I really enjoy these slideshows from Money but I almost wish they’d just list everything on one page and not force me to click through each one. In this particular edition, Money highlights thirteen Retirement Myths and I think it’s worth checking out. Here they are in summary:
Myth 1: You need a big income to have a big nest egg
Myth 2: You can’t get rich with a 401(k)
It’s like the old fable with the tortoise and the hare, it’s not all about flash… it’s about slow and steady winning the race and with a 401k and a diligent savings plan, you can retire wealthy.
Myth 3: Everyone has debt
This is definitely not true, debt is your worst enemy in retirement because it taps into your fixed income.

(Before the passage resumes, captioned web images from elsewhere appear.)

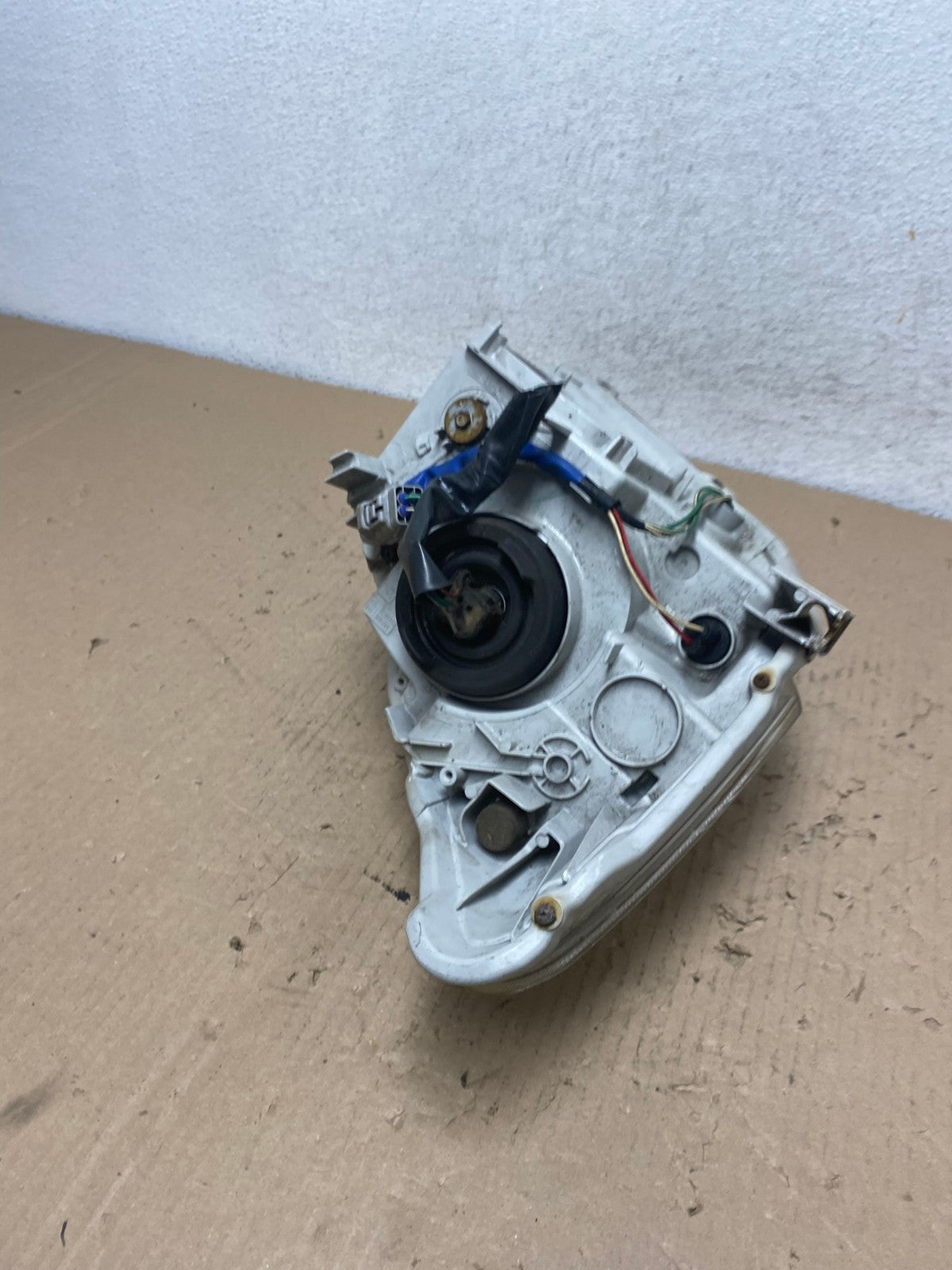 2007 2008 2009 Toyota Yaris Left Driver LH Halogen Headlight AF4240 LK9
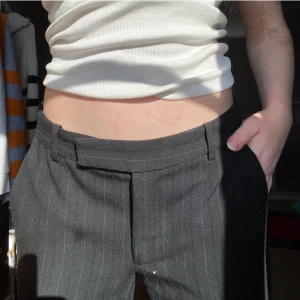 Randiga kostymbyxor  - Jätte snygga kostymbyxor köpa secondhand☺️☺️ har ett liknande par och därav säljer jag!!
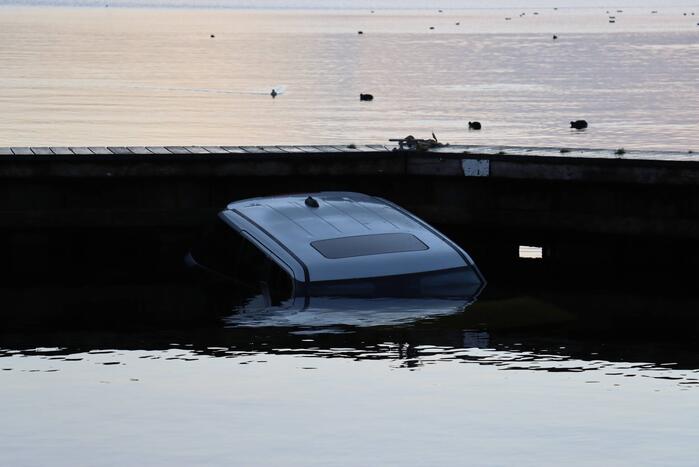 Auto belandt in water bij trailerhelling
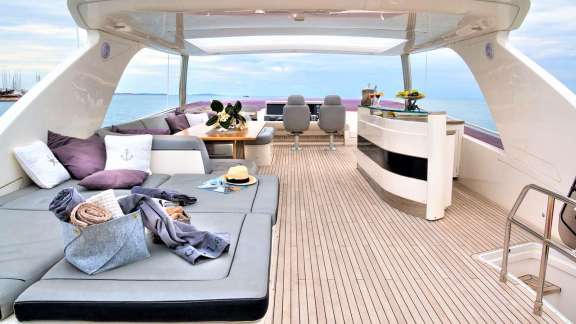 Sun Deck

Avoid debt at all costs and don’t assume everyone has it.
Myth 4: A million dollars will cover you
A million used to be great, then there was this little bug we call inflation… now a million isn’t worth quite so much anymore.
Myth 5: Boomers will crash the market
The idea behind this myth is that Boomers in retirement will cash out their shares and the market will tank. The reality is that the top 10% in wealth hold 68% of the stocks, it has nothing to do with age.
Myth 6: Without a pension, you’re doomed
Plenty of people don’t have pensions; you should plan for every contingency.
Myth 7: Social Security won’t be there
Hmmm… I’m a believer in this “myth” and the explanation given is a little weak; essentially it’s workable until 2081 and Congress has to move on this to stop the spigot from running dry.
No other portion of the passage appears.